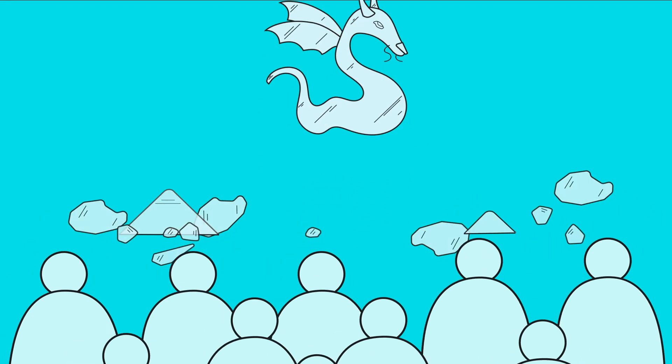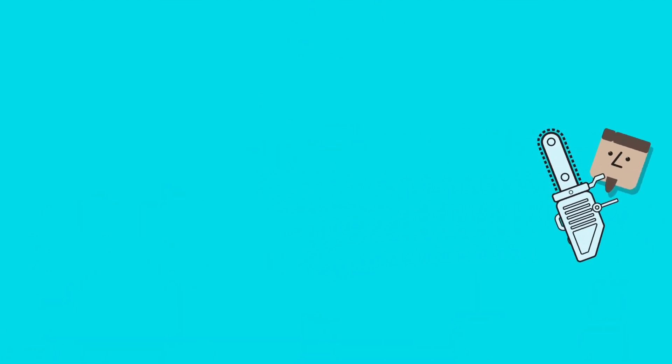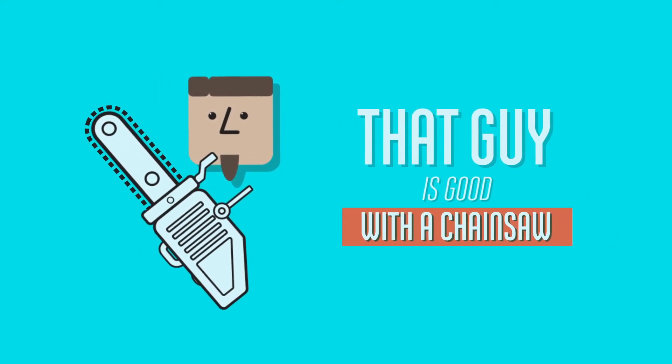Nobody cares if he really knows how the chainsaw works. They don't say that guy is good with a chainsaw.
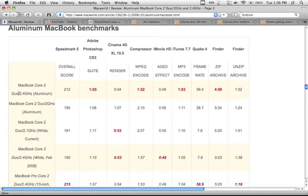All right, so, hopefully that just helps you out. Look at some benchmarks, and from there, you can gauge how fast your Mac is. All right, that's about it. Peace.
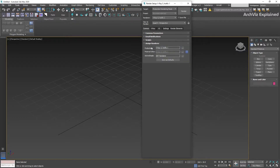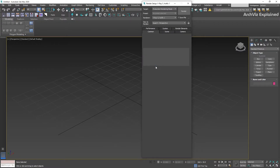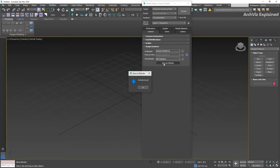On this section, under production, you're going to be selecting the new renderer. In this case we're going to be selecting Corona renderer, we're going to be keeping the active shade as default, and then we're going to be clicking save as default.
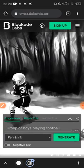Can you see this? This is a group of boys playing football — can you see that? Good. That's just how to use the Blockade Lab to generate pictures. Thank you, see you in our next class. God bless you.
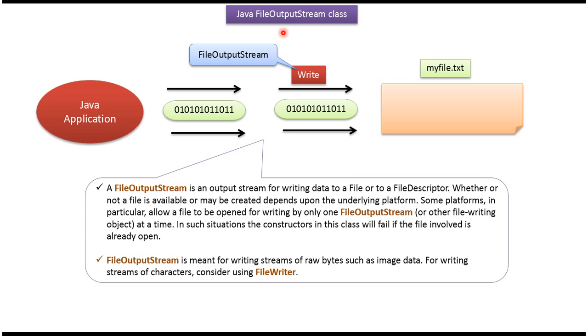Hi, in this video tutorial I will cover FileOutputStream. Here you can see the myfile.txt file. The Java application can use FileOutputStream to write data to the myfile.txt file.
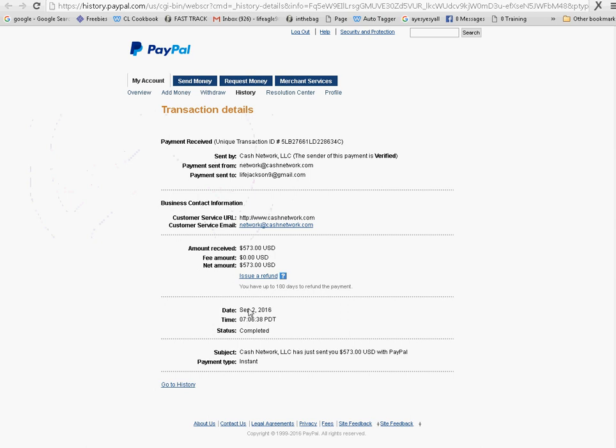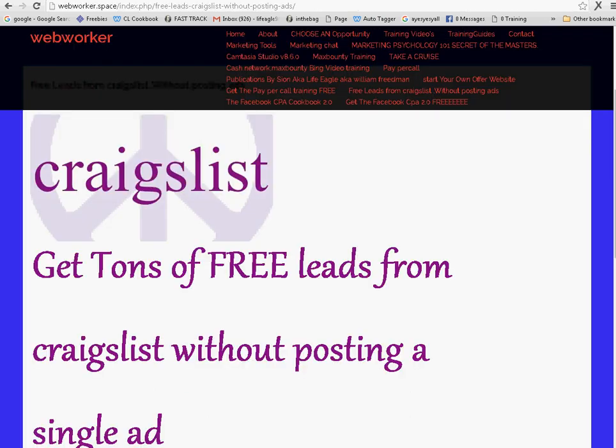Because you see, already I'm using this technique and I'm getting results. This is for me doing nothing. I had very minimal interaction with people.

+++

YOUR ASSIGNMENT: The answer should consist only of the lines above from the one with "On this section, under" through the one with "Can you see this?", repeated exactly, with no pictures among them.

SOLUTION FOR THIS PROBLEM:
On this section, under production, you're going to be selecting the new renderer. In this case we're going to be selecting Corona renderer, we're going to be keeping the active shade as default, and then we're going to be clicking save as default.
Can you see this? This is a group of boys playing football — can you see that? Good. That's just how to use the Blockade Lab to generate pictures. Thank you, see you in our next class. God bless you.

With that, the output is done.